» **Data listing**:
----

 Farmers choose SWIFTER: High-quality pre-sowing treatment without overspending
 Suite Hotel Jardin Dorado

----

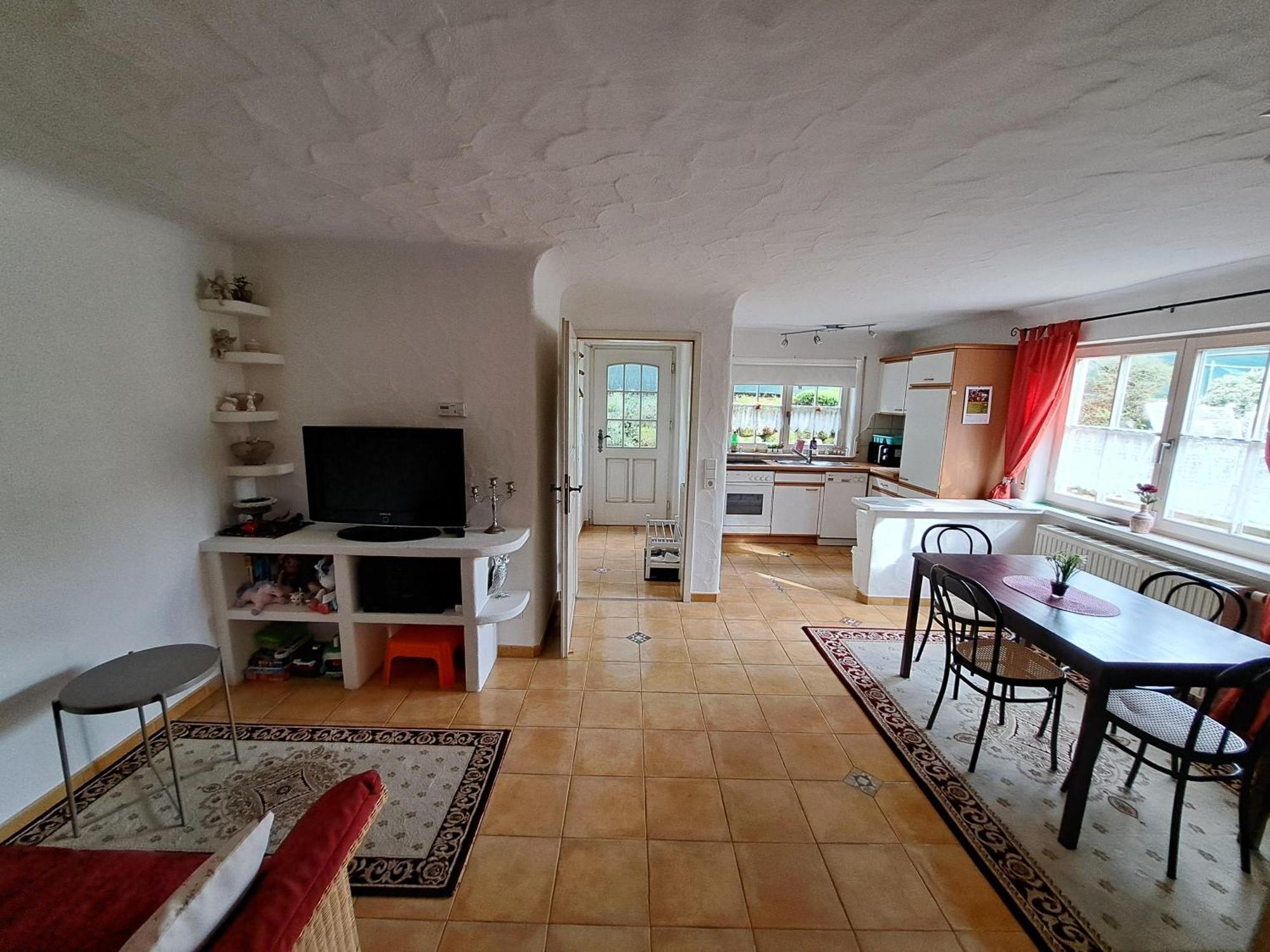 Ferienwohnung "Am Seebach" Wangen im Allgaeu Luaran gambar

----

» **Aim of the task**: In the records above, find the line with "Farmers choose SWIFTER: High-quality"; write out exactly that line and each one after it, stopping after the line with "Suite Hotel Jardin Dorado".

» **Solution**:
 Farmers choose SWIFTER: High-quality pre-sowing treatment without overspending
 Suite Hotel Jardin Dorado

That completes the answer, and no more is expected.